Accueil > Commune de Paris (et d’ailleurs) > Souvenirs d’un étudiant pauvre

Souvenirs d’un étudiant pauvre

Jules Vallès

samedi 30 mai 2015

Couverture : Tardi

« Je fis connaissance, pendant ces visites à la Sorbonne, de quelques individus qui y venaient régulièrement à chaque session, et qui, à chaque session, étaient refusés, mais s’en allaient joyeux, contents, se félicitant, se congratulant, se tapant sur le ventre, donnant en un mot les signes de la plus vive satisfaction, et allant se griser comme des Polonais avec des femmes de gorge pesante mais de mœurs légères ! Il y en avait d’assez jeunes – la plupart étaient vieux.
L’un d’eux, à qui je parlais de mes deux retoquages, me dit :

- Moi, j’ai été refusé sept fois, et je compte bien l’être sept fois encore, et même plus, n’est-ce pas, Baron ?

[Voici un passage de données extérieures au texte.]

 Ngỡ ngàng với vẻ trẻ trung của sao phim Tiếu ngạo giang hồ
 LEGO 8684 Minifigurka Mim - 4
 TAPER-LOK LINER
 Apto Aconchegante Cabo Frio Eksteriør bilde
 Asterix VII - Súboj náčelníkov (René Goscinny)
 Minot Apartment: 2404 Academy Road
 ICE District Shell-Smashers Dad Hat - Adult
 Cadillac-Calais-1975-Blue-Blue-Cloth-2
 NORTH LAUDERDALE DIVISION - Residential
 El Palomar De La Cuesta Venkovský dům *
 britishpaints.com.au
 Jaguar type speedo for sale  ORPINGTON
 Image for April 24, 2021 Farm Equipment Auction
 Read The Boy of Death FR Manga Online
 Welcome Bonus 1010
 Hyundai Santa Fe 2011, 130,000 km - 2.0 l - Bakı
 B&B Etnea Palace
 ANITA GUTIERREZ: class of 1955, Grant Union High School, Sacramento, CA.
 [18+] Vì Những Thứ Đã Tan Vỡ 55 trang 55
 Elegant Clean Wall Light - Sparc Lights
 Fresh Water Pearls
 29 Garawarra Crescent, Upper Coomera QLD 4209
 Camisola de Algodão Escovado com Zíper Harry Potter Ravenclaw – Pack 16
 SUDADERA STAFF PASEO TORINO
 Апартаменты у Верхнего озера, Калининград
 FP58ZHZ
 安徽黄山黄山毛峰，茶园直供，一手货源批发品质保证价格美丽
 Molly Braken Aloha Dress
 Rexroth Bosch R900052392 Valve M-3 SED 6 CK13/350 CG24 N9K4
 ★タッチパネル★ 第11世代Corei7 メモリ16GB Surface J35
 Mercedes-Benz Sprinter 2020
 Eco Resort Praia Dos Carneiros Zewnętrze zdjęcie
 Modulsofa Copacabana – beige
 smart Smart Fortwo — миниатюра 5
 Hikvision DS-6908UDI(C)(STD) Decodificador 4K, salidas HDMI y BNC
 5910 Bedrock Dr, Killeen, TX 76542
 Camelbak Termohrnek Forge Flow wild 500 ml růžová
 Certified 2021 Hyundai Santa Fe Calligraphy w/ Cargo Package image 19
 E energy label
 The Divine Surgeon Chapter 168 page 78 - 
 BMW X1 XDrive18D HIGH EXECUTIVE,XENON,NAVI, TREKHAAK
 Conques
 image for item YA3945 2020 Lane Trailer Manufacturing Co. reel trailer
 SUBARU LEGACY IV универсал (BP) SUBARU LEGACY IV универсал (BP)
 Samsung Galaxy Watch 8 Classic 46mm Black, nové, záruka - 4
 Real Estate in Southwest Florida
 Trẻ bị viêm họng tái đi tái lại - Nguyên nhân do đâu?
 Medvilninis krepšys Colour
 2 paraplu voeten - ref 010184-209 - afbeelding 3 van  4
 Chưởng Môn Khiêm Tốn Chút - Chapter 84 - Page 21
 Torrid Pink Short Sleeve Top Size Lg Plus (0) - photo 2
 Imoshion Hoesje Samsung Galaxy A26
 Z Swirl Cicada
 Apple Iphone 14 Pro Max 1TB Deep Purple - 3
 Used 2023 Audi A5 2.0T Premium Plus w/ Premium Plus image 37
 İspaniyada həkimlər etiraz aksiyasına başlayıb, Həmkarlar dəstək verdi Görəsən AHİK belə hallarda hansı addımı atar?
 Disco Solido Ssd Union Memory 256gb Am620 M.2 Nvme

C’était un soir de noce dans un café où j’allais depuis quelque temps, pour les entendre parler bachot, et parce qu’ils m’intriguaient, ces blackboulés si gaiement résignés, qui étaient toujours suivis de jeunes gens dont la bourse se vidait sur la table, tout le monde se serrant les mains et trinquant : “Aux vieux melons de la Sorbonne !” »

Du 8 janvier au 5 mars 1884, malade et de retour d’exil, Jules Vallès publie ses Souvenirs dans le quotidien Le Cri du peuple. Son récit complète Le Bachelier, qui parut en 1881, et anticipe L’Insurgé définitif, qui paraîtra après sa mort. Le grand écrivain et journaliste, le chantre de la Commune de Paris, y relate l’éducation politique d’une génération, celle qui eut vingt ans entre 1848 et 1851.